The Spartan Band’s “boiled meat and crackers” eaten, the 13th and the rest of the Mississippi Brigade marched through the dawn’s early light into the western suburbs of Sharpsburg, Maryland (above), headed for Gen. Lee’s headquarters.It was a clear and warm Wednesday. Sept. 17, 1862.
About 9:30 a.m., with the roar of the artillery ever building, Lee ordered McLaws division into action to the south and west of the West Woods. They advanced across the open fields northwest of the town and moved up the rising ground, just in time to help halt the advance of Union Gen. John Sedgwick’s division upon the Confederate left flank.
Barksdale’s men would take the center of McLaws’s division line with those of Kershaw and Cobb on his right and Semmes on his left.
Spartan Band Private Albert Wymer Henley recorded that the 13th marched to a small grove of trees where Gen. Barksdale gave the brigade a short speech:
“…cautioning us against unnecessary excitement,” Henley wrote, “reminding us of the State that we represented and of the high honored reputation.
Then they were formed in an open field: The 18th and the 13th on the left and the 17th and the 21st on the right.
“Laying off every encumbrance save one blanket,” Henley recalled, “we started off on a double quick, merry as hunters on a fox chase. The enemies batteries had full play on us as we advanced, but their shells so far as we were concerned proved harmless. Fences and stonewalls lay between us and the battlefield but we scaled them with the ease and alacrity of squirrels. After which we fronted, wheeled into line and advanced to share the fortunes of the field.”
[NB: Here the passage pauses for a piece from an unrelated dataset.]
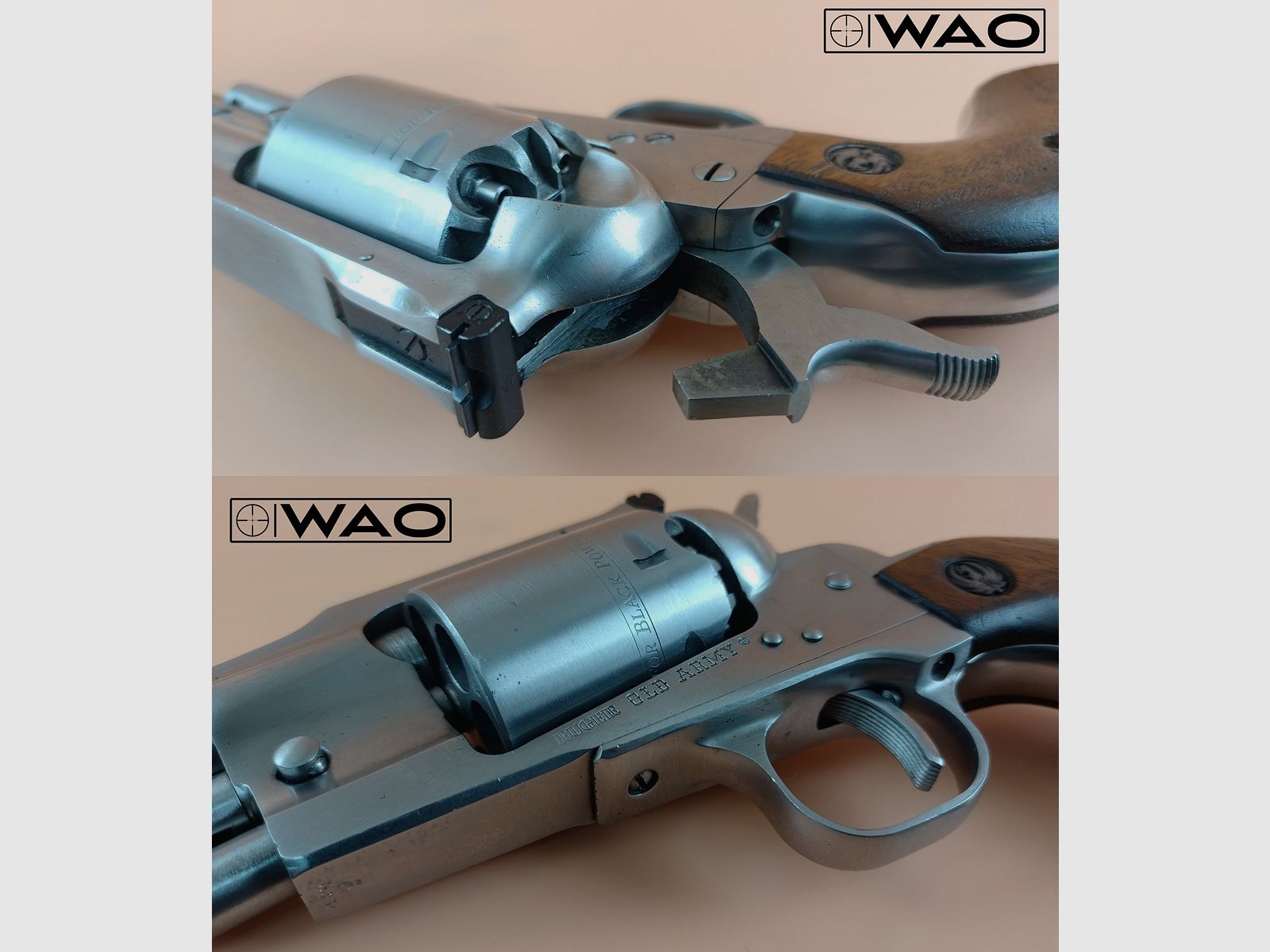 Perkussions-Revolver Sturm, Ruger & Co. Old Army, Kal. .44 (Schwarzpulver), Schwarzpulver BP *Edelstahl - neue Zündhütchen*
They were met by the 11th Mississippi of Hood’s Division “who had shot away all their ammunition and were in the act of leaving…. The Yankees had followed them up a short distance to their rear.”
The Yankees were troops from Massachusetts, New York and Pennsylvania.
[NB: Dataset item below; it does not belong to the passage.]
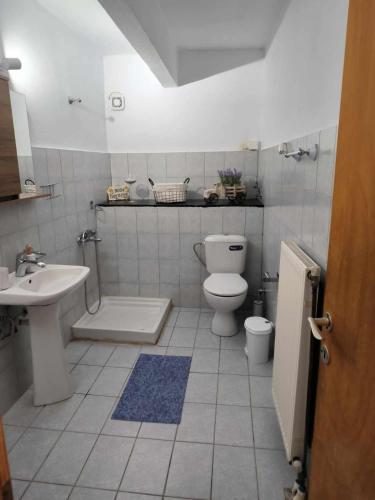 a white bathroom with a toilet and a sink at Jimmy's house in Iraklitsa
“We had no sooner passed [the 11th Miss] when an overpowering shower of bullets greeted us. A compliment we very willingly returned with greater effect and more facility advancing at the same time.”
Minutemen of Attala Private Mike Hubbert wrote in his diary: “It was indeed a frightful scene and looked as if we would be completely annihilated but we drove them back with great loss. Our loss was also very heavy, but nothing to compare with that of the enemy.”
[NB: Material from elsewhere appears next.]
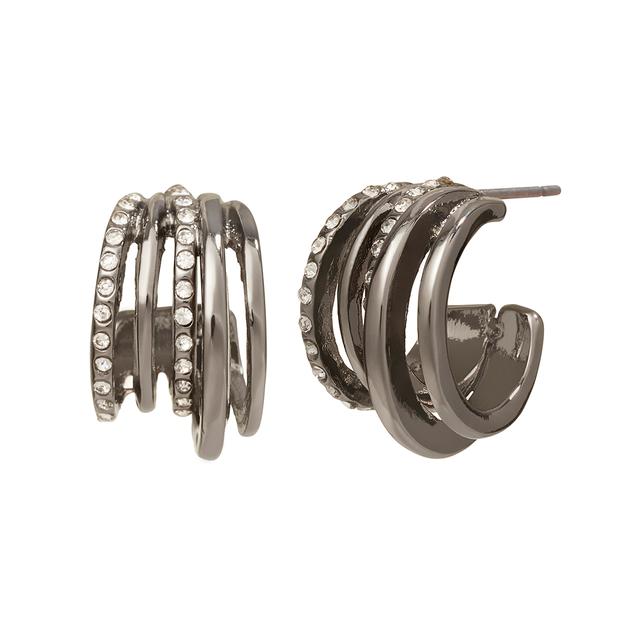 Steve Madden Small Pave Multi Row Hoop Earrings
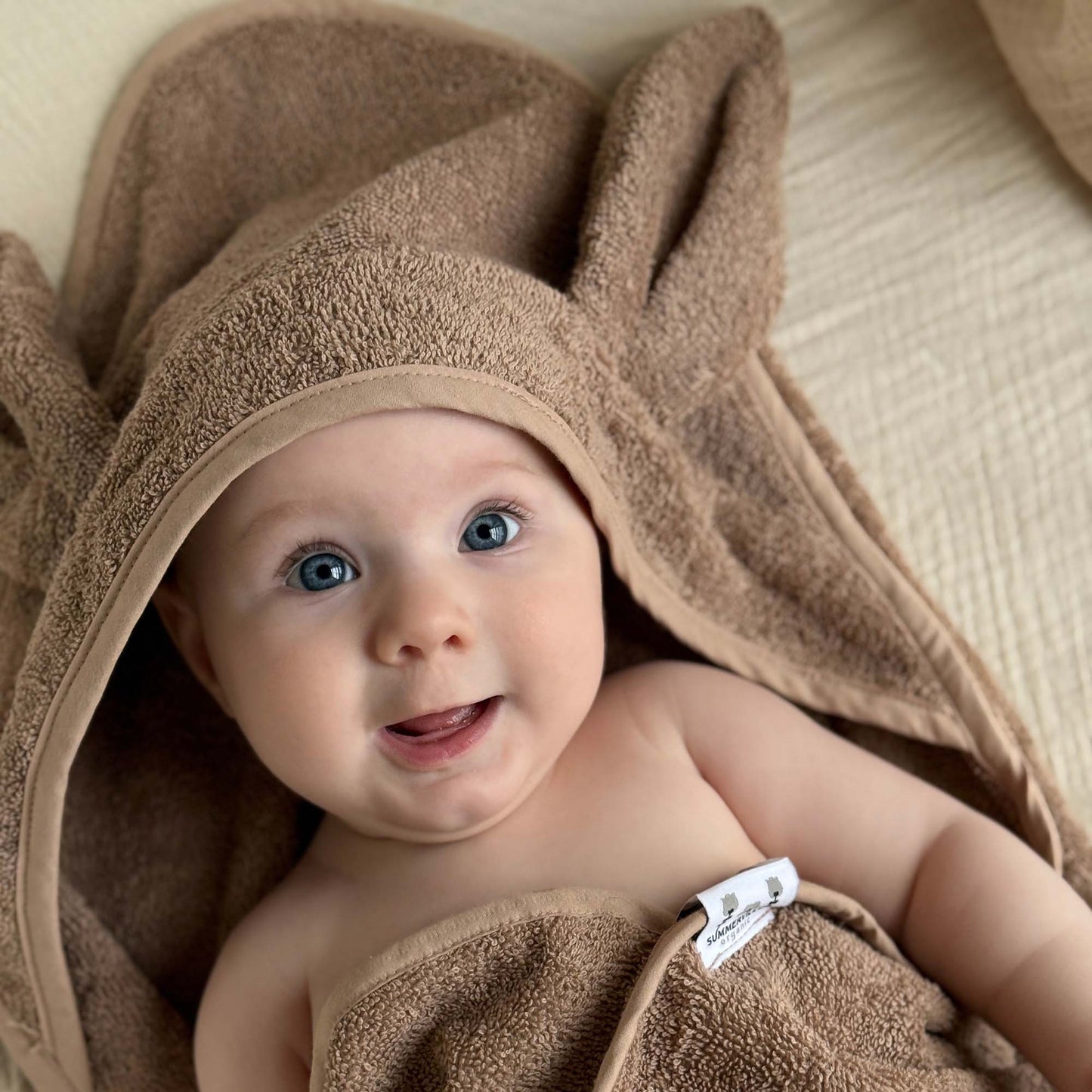 Organic Hooded Baby Towel Rabbit Warm Taupe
Added Barksdale in his official report: “As we advanced, the ground was covered with the dead and wounded of the enemy.”
McLaws later reported: “As the enemy were filling the woods so rapidly, I wished my troops to cross the open space between us and the woods before they were entirely occupied. It was made steadily and in perfect order and the troops were immediately engaged, driving the enemy before them in magnificent style at all points, sweeping the woods with perfect ease and inflicting great loss on the enemy.
“The enemy did not make an attempt to retake the woods…but kept up a terrific fire of artillery…Fortunately the woods were on the side of a hill, the main slope of which was toward us…I could do nothing but defend the position…The line was too weak to attempt an advance. There were not enough men to make a continuous single line. In some places for considerable distance there were no men at all…”
Henley wrote that the 13th reassembled “on the field and lay in line during the remainder of the day…awaiting the renewal of the contest.”
According to Mississippi military historian Dunbar Rowland: “The brigade had been on constant duty for five or six days, marching throughout two nights, and many of the men had succumbed to fatigue. The brigade went into battle with less than 900 men and officers….”
The 13th regiment, wrote Rowland, citing Gen. McLaws, took just 202 men into the Battle of Sharpsburg—no more men than in two pre-war companies. They would be reduced by 60 dead or wounded, a casualty rate of almost 31 percent.
The casualties were fairly evenly distributed throughout the regiment. But the Spartan Band “merry as hunters on a fox chase” had suffered the most, with 2 killed and 14 wounded.
The Winston Guard’s Captain Neville Edmonds was mortally wounded. The regiment’s Lt. Col. Kennon McElroy was slightly wounded and Major John Bradley was seriously wounded, shot through both legs.
Diarist William H. Hill, a quartermaster clerk in the Spartan Band, was not on the field. “I was not there,” he recorded, “on account of a very sore hand.” He was “sent to the rear as unfit for duty.”